==== Records for the exercise

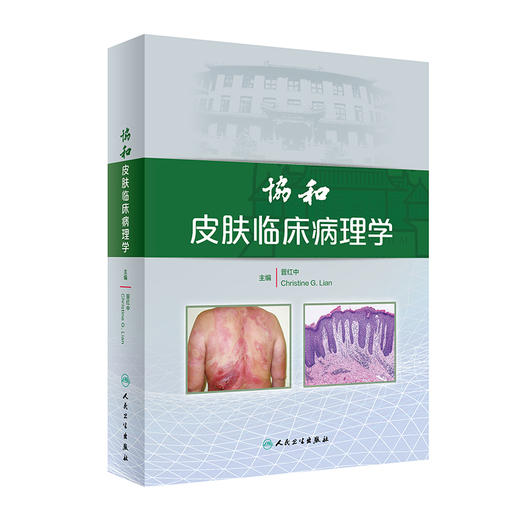 协和皮肤临床病理学 晋红中 主编 皮肤组织学 感染相关性皮肤病 皮损形态分类皮肤病 皮肤肿瘤等内容 人民卫生出版社9787117287371 商品图1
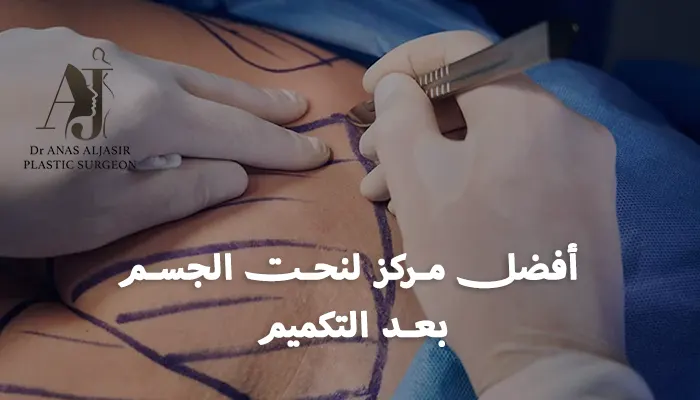 أفضل مركز لنحت الجسم بعد التكميم بالرياض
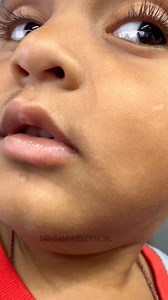 2.1M views · 1K reactions | Pityriasis Alba #drimranpatel | Dr Imran Patel | Facebook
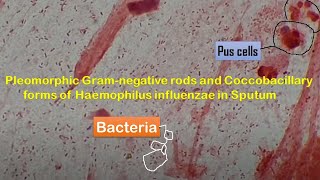 Haemophilus influenzae in Sputum  Coccobacillary forms of Haemophilus influenzae [upl. by Vigen344]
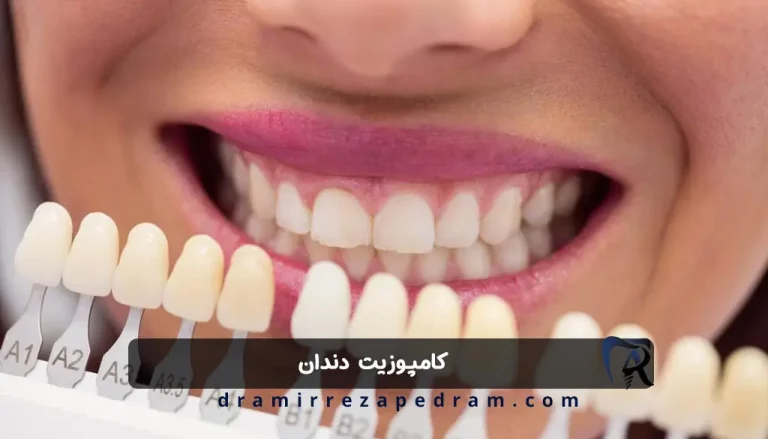 کامپوزیت دندان در مرزداران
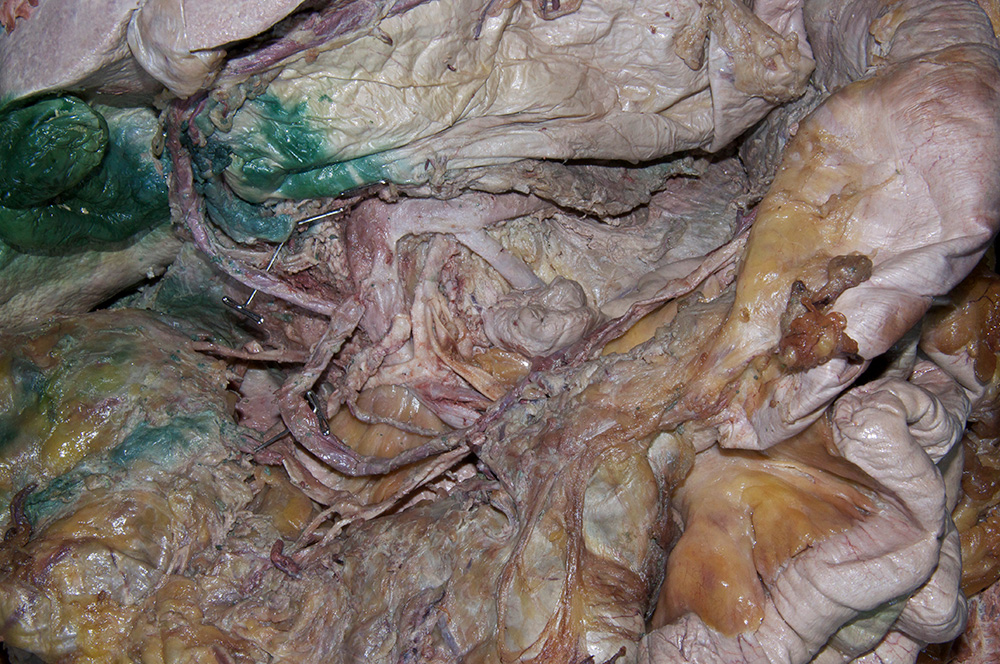 Hepatic Portal Vein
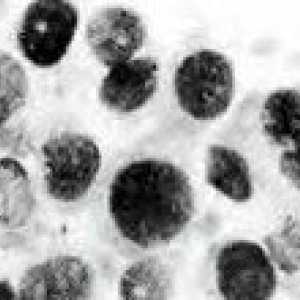 Cum de a recunoaște și de a trata melanomul epitelioida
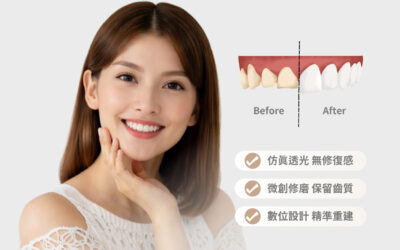 【陶瓷貼片｜門牙缺角重塑完美齒型】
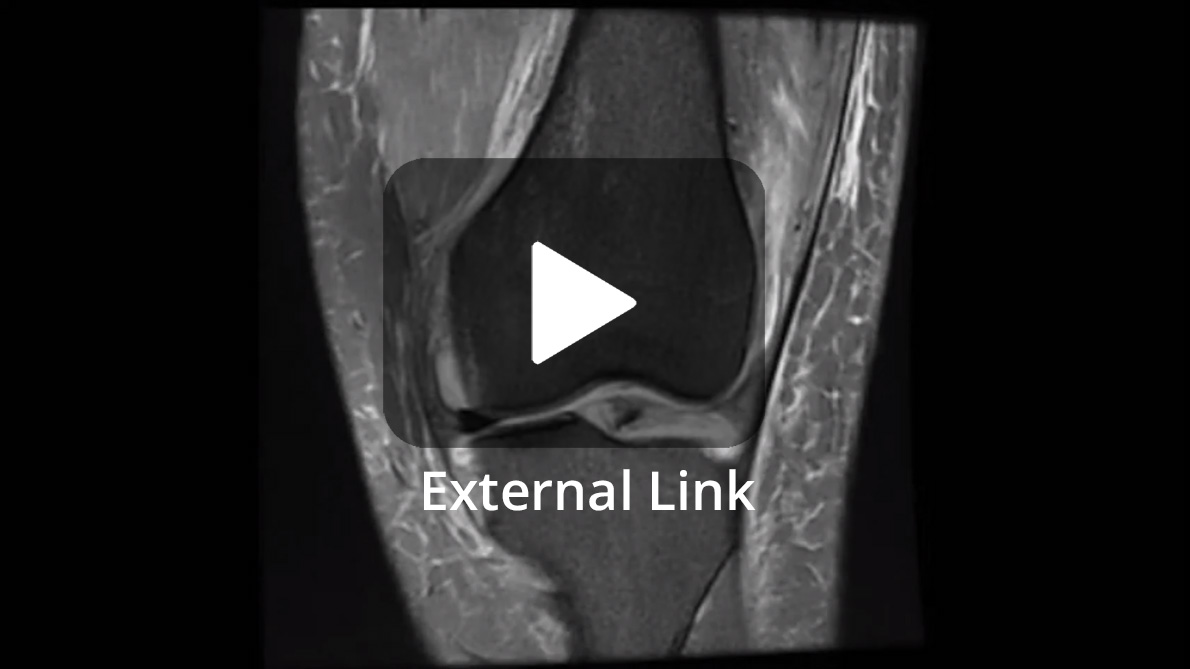 YouTube Video - Lateral Meniscus Transplant Teardrop Technique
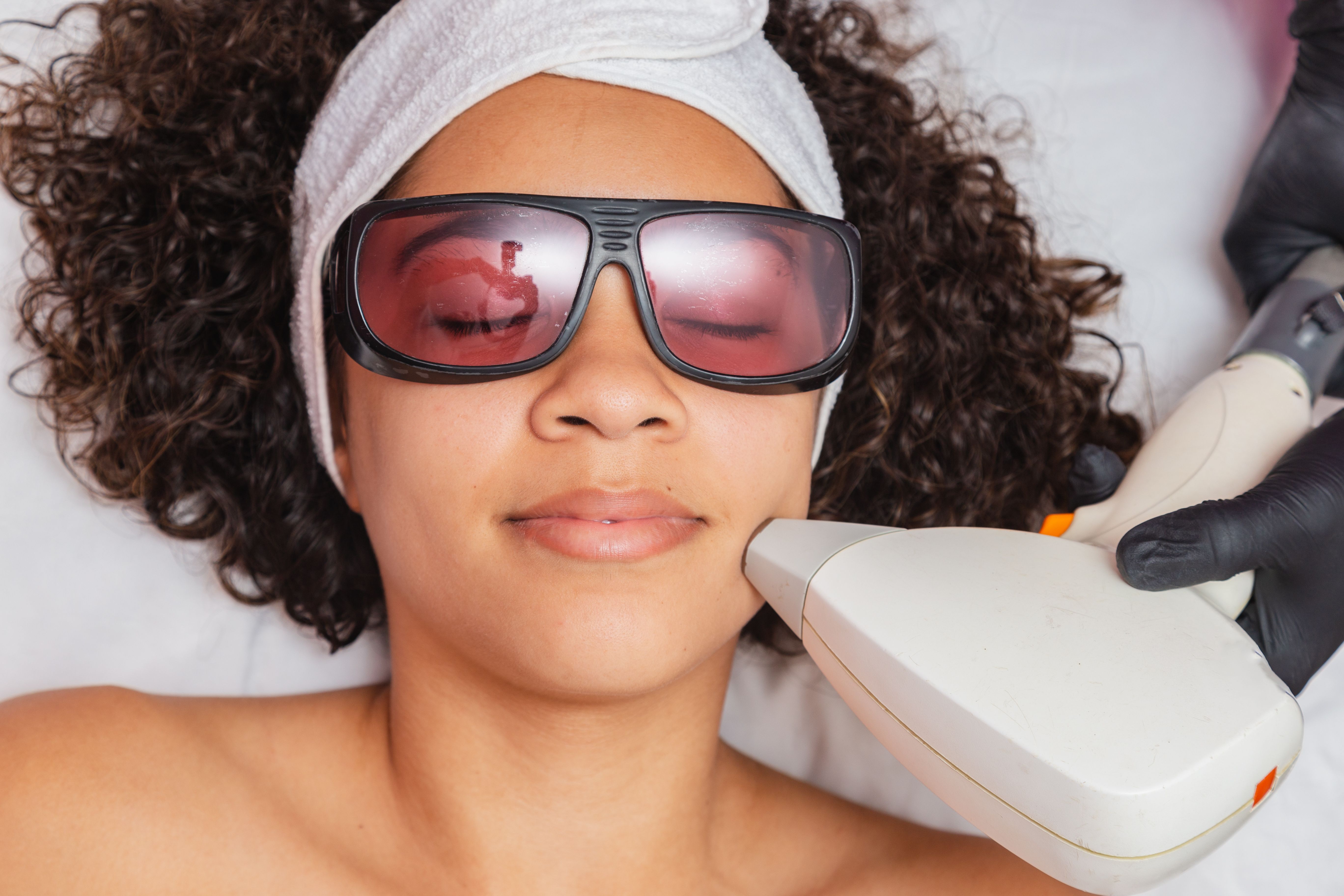 Dual-Wavelength Low Power Lasers Increase Photosensitivity Risk in Skin of Color
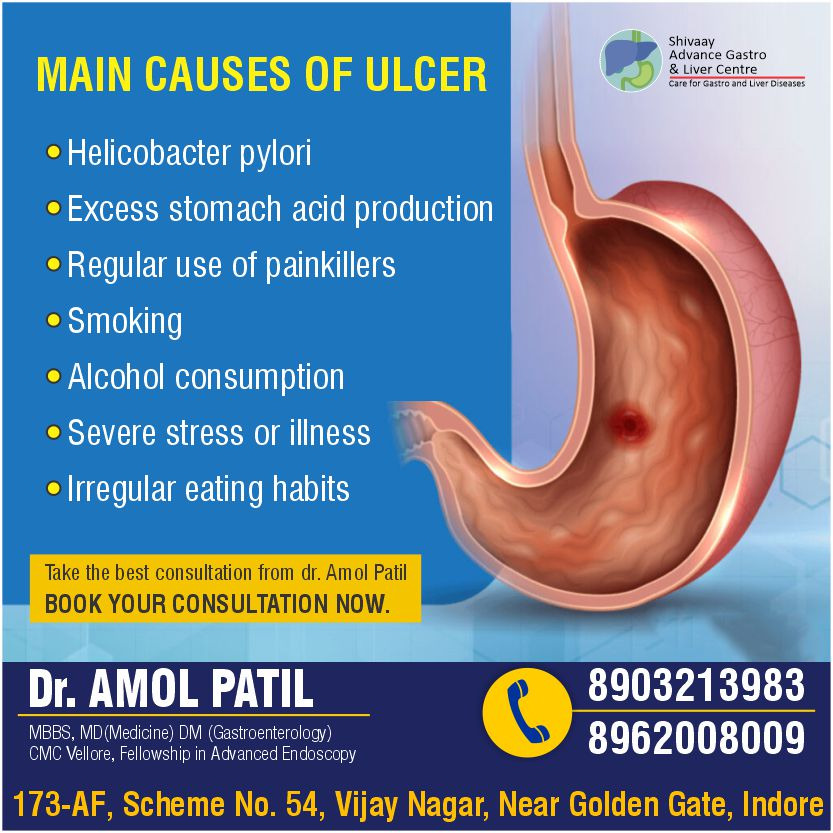 Best Doctor for Ulcer Treatment in Indore 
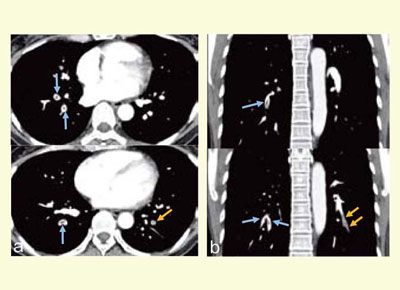 図3　両下葉の肺血栓塞栓症のCTPAとLungPBV　CTPA（左）で両下葉に血栓が認められるが，LungPBV（右）では右下葉には欠損が描出されていない。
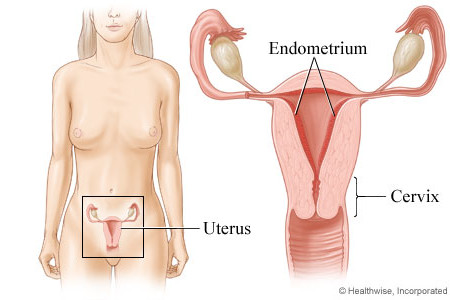 Endometrioza – lečenje prirodnim putem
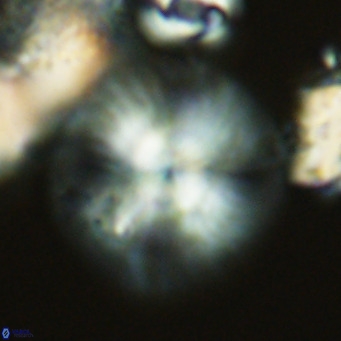 Calcidiscus leptoporus VR 03503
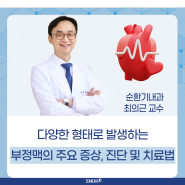 [건강정보] ‘천의 얼굴’ 부정맥, 증상부터 치료법까지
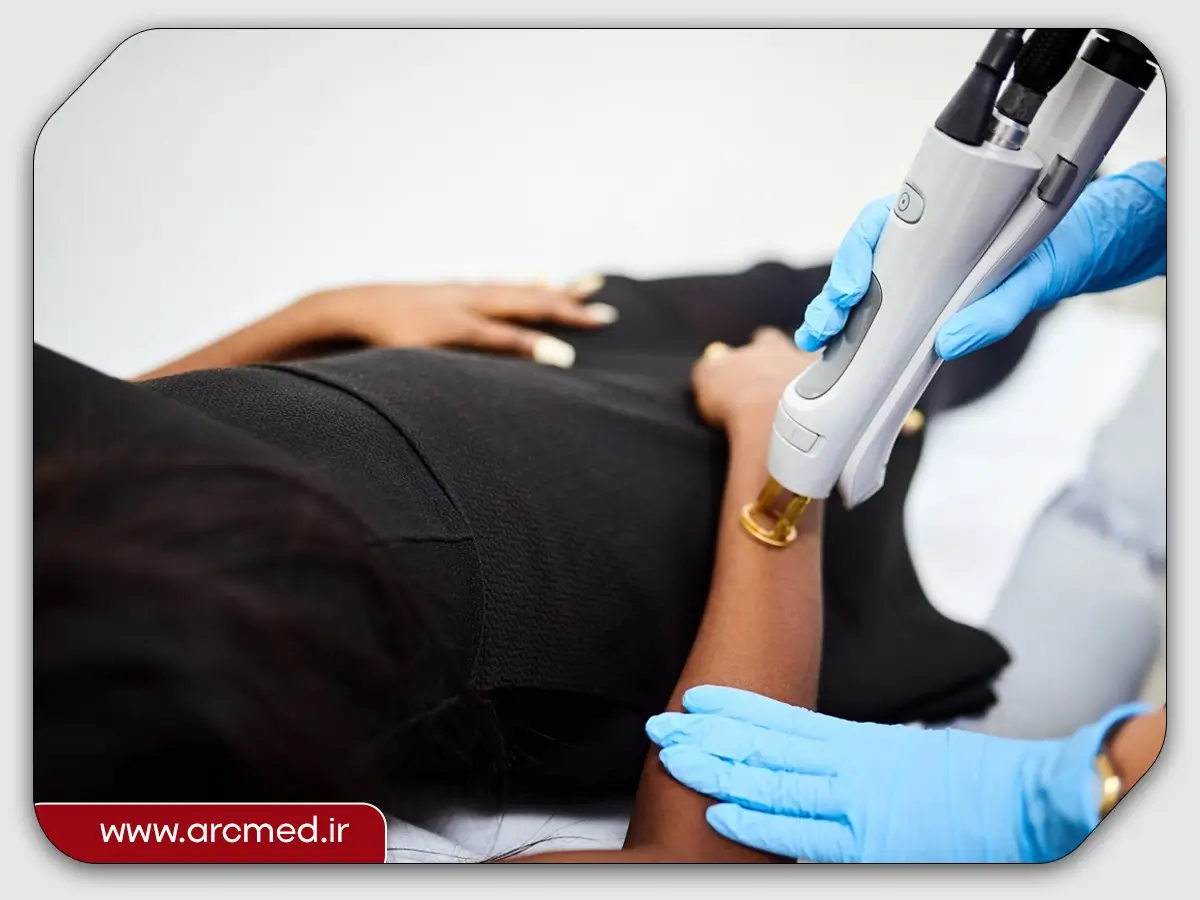 لیزر موهای زائد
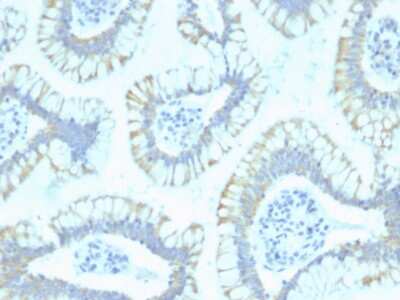 Immunohistochemistry-Paraffin: Smad4 Antibody (SPM448) - Azide and BSA Free [NBP3-08344] - Formalin-fixed, paraffin-embedded human Colon Carcinoma stained with Smad4 Mouse Monoclonal Antibody (SPM448).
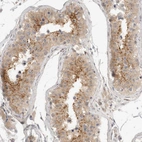 Immunohistochemical staining of human testis shows moderate granular cytoplasmic positivity in cells in seminiferous ducts.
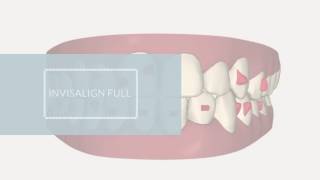 Invisalign Full ClinCheck  Invisalign casos difíciles [upl. by Edie697]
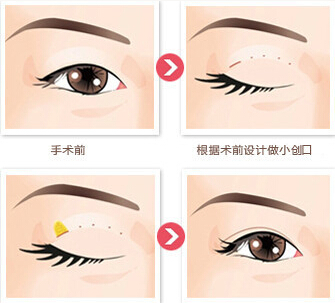 双眼皮,长春好的整形医院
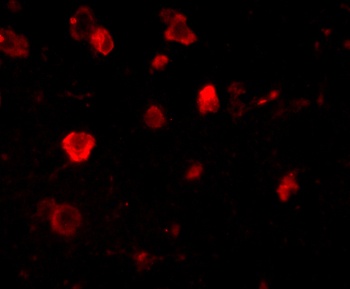 SLITRK4 Antibody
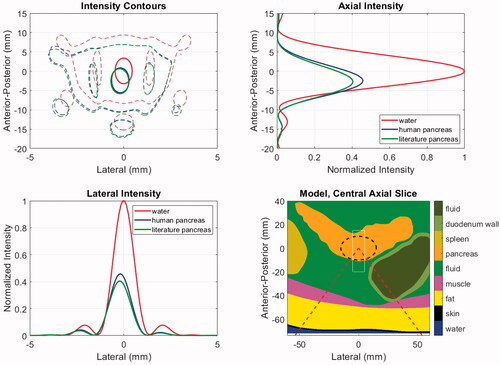 Figure 6. Acoustic intensities for patient model M1 using literature and newly acquired human pancreas acoustic properties. The model geometry (lower right) shows the distribution of tissues and includes the ‘cone’ of the incident HIFU beam (dashed red), the PDAC target (dashed black) and the window in which intensities are displayed in the other panels (thin white). The intensities are shown in the central axial plane of the model (upper left) at levels of 0.7 (thick solid) and 0.033 (thin dashed) relative to the maximum. Axial (upper right) and lateral (lower left) intensity profiles are shown at the level of each model’s maximum value.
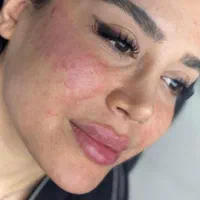 کلینیک تزریق ژل بوتاکس آنزیم فیلر لب شقیقه|خدمات آرایشگری و زیبایی|کرج, گوهردشت|دیوار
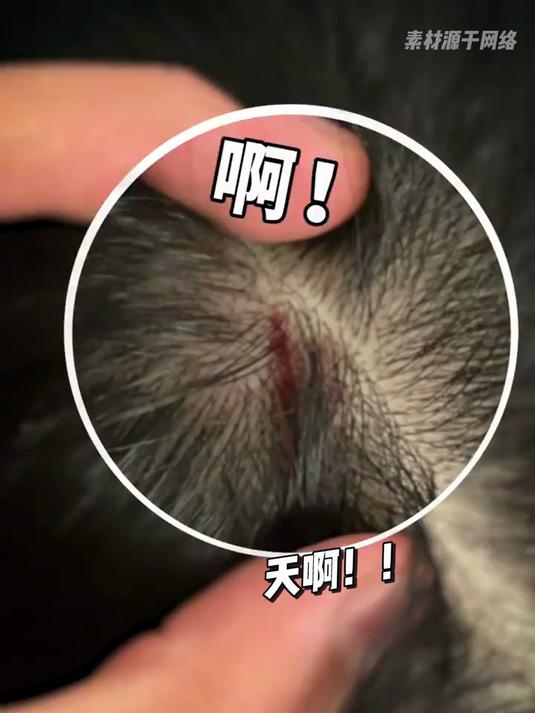鲨鱼夹安全隐患……太吓人了
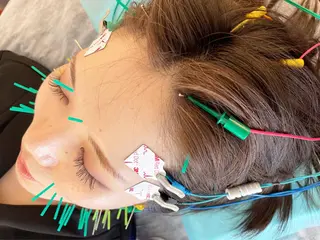 小顔美容鍼専門サロン 渋谷YZのエステ・リラクイメージ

========

Task to complete. In the listing above, find the line containing "Immunohistochemistry-Paraffin: Smad4 Antibody" and the line containing "Immunohistochemical staining of". Print those two lines and every line between them exactly, with no pictures.

Answer section.
 Immunohistochemistry-Paraffin: Smad4 Antibody (SPM448) - Azide and BSA Free [NBP3-08344] - Formalin-fixed, paraffin-embedded human Colon Carcinoma stained with Smad4 Mouse Monoclonal Antibody (SPM448).
 Immunohistochemical staining of human testis shows moderate granular cytoplasmic positivity in cells in seminiferous ducts.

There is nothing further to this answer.